Toute cette idée de fuite du continent africain est magnifiquement symbolisé par le personnage d’Abdallah, jeune homme en attente, habitant chez sa mère qui s’apprête à le voir partir vers l’Occident. Déraciné, ne parlant pas la langue locale, Abdallah est seul, observateur, face à la mer sur laquelle voguent régulièrement les cargos en partance pour l’Europe et sur lesquels il embarquera un jour. Depuis l’écran que représente la fenêtre de sa chambre, il observe le monde qui l’entoure. La barrière de la langue est l’un des thèmes fondamentaux du film. Spectateur, Abdallah ne peut converser qu’avec sa mère, lui qui ne parle pas la langue des villageois. Incapable de s’intégrer pleinement à la société, il ne peut qu’attendre l’hypothétique bonheur qui lui est promis, un jour. En espérant que la mer ne le rejettera pas, lui, et que la civilisation vers laquelle il se déplace l’acceptera. Il y a dans ce film une manière émouvante de présenter ainsi des personnages qui ont la particularité d’être constamment en mouvement, tout en restant au même endroit. Tous ne rêvent que de partir, mais seuls les plus persévérants auront cette chance aléatoire.

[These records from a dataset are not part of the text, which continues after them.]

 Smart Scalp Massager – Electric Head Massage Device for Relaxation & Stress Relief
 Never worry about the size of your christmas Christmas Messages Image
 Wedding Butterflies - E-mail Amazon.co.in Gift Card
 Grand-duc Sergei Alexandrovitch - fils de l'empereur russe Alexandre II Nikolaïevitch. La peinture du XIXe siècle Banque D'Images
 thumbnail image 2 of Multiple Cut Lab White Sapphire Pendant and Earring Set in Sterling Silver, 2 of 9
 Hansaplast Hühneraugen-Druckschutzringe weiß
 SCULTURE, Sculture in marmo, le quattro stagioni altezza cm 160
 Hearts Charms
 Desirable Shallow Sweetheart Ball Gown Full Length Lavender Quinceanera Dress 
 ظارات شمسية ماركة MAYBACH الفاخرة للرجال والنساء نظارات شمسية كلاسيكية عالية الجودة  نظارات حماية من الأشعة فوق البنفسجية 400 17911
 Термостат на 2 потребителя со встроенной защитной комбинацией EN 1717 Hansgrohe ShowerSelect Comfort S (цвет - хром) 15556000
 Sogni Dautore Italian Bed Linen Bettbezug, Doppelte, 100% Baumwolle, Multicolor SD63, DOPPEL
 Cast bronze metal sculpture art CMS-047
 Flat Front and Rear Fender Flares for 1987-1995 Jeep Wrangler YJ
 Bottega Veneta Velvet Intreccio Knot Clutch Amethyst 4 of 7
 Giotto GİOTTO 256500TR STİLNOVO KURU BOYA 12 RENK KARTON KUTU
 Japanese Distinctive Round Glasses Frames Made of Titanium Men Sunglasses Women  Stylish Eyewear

Ce mouvement vers la mer est contrebalancé insidieusement par un autre déplacement, salvateur. Si la culture reste en perdition, comme le montre le programme unique de télévision qui ne diffuse que des émissions européennes, il reste malgré tout le savoir, celui qui se transmet de bouche à oreille, de maître à élève. La jeune fille qui apprend le chant, le jeune Maata qui apprend le métier d’électricien, Abdallah qui apprend de Maata la langue locale, la mère qui prodigue à son fils des conseils, les poèmes et chants traditionnels que l’on hérite d’on ne sais où, etc. C’est dans cette passation de savoir que les personnages trouvent toute leur grâce. Il y a dans les regards une réelle fascination pour celui qui sait, et qui transmets ce qu’il sait. C’est probablement tout ce qu’il leur reste, mais en définitive, c’est ici que commence toute civilisation. C’est dans la communication que réside la possibilité de transcender ce désir de partir, et c’est dans l’apprentissage de la langue qu’Abdallah aurait pu trouver une raison de rester. Et peut être d’attendre, ici, le bonheur.